Writing Custom Startup Code

From MorphOS Library

Revision as of 15:37, 29 December 2012 by Krashan (talk | contribs) (More fixes.)

Grzegorz Kraszewski

One can find in every C programming handboook, that program execution starts from main() function. In fact we have such an impression, when we write a program. There is no evidence to disprove it. In fact however, this is not true. There are at least a few, and sometimes even a few teens of kilobytes of code between the start of program execution and the first line of main(). Most of this code is not really needed in most cases.

What is being done by this code? Let's say for the start, it is perfectly possible to have a program without any startup code at all. The system can jump into main() right away. Unfortunately such a program would run only from commandline window. It would crash, when started from Ambient. It is because Ambient sends a special message to a message port of a freshly created process. This message serves two purposes. Firstly, it contains Ambient launch parameters, namely program icon descriptor and optionally descriptors of other icons, which have been shift-clicked, or dropped onto a panel.
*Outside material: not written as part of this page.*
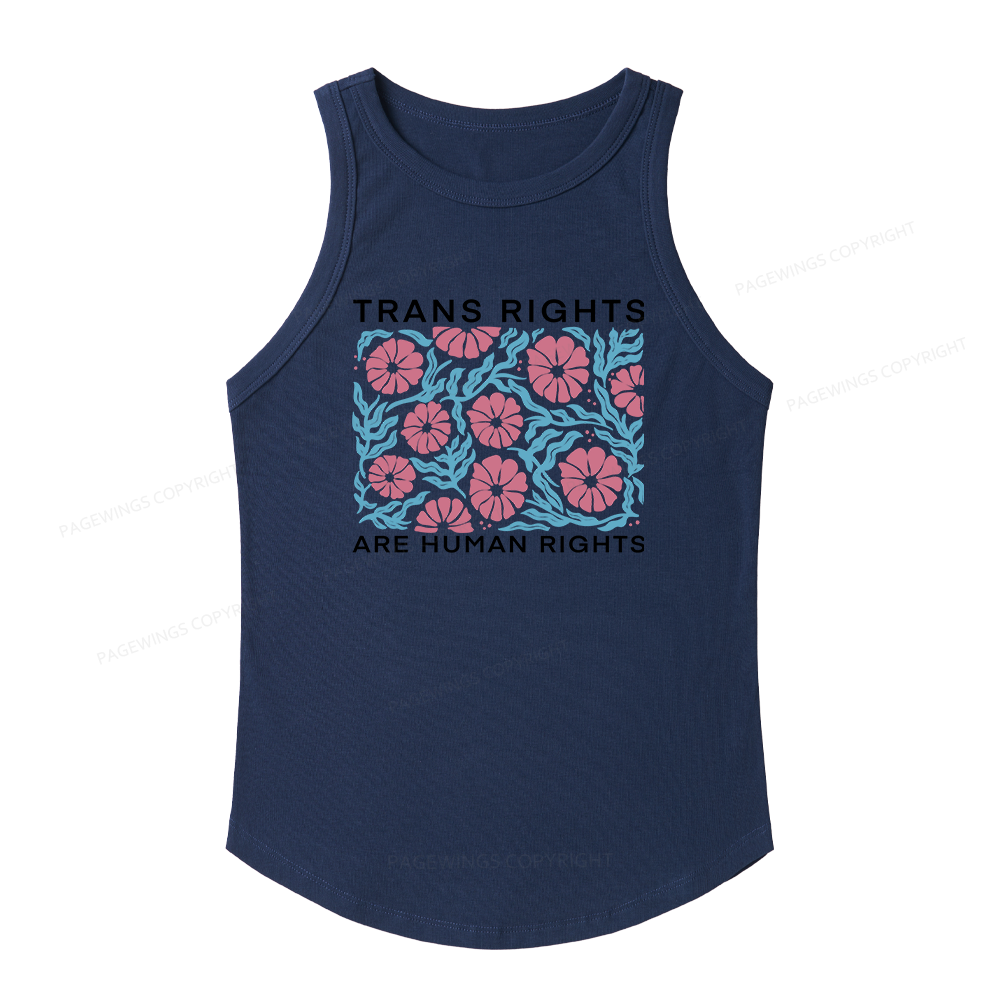 Pagewings Slim Fit Trans Rights Are Human Rights Women's Fitted Tank Top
Secondly, a reply for the message is a signal for Ambient that the program finished its execution. Sending a reply is obligatory. This is the minimal set of things to be done by startup code. In practice it also should open required shared libraries. When one wants to use the C standard library, either with libnix or ixemul.library, the startup code also creates a "standard environment" for the C standard library and POSIX functions (more on this). Because of this, startup code linked when using one of these libraries is quite complex, so also long.
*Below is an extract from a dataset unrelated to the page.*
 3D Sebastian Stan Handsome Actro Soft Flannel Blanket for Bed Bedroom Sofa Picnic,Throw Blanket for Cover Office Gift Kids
Reasons for Writing Own Startup

The main advantage of an own startup is its shortness. Reducing program startup time is negligible. Very short startup is good for very short programs (for example shell commands), a few kB in size. In this case the standard startup may be easily longer than the program code itself. One can also use own startup just for satisfaction of making the program shorter by those few kilobytes. Custom startup code cannot be used, when the program uses ixemul.library. When the program is linked with libnix, the possibility of using own startup depends on the standard C library functions used. Most of them do not need any preparations and will work with any startup. Some more complex functions however require constructors to be executed in startup. If we use such functions, we will get linker errors of unresolved symbols. In such a case there is a simple choice – one either must replace these functions with something else, or just use the standard startup code. Own startup is then useful mostly when standard C library is not used at all (in favour of the native MorphOS API), or only simple functions from it are used.

If we are still determined to use own startup, it is the time to tell the compiler about it. Skipping standard startup is done with −nostartfiles argument. Then when we try to use our startup with libnix, we use −nostartfiles together with −noixemul. Programmers wanting to go the pure MorphOS API way (without the C library), should use −nostdlib option, which also implies −nostdlib.

Let's Write It

Before we start to write the code, note that except things executed before calling the main() function, some code must be also called after it returns. Then we also have "cleanup code". As this code is usually placed in the same function (the one that calls main()), both the parts are commonly called just startup code.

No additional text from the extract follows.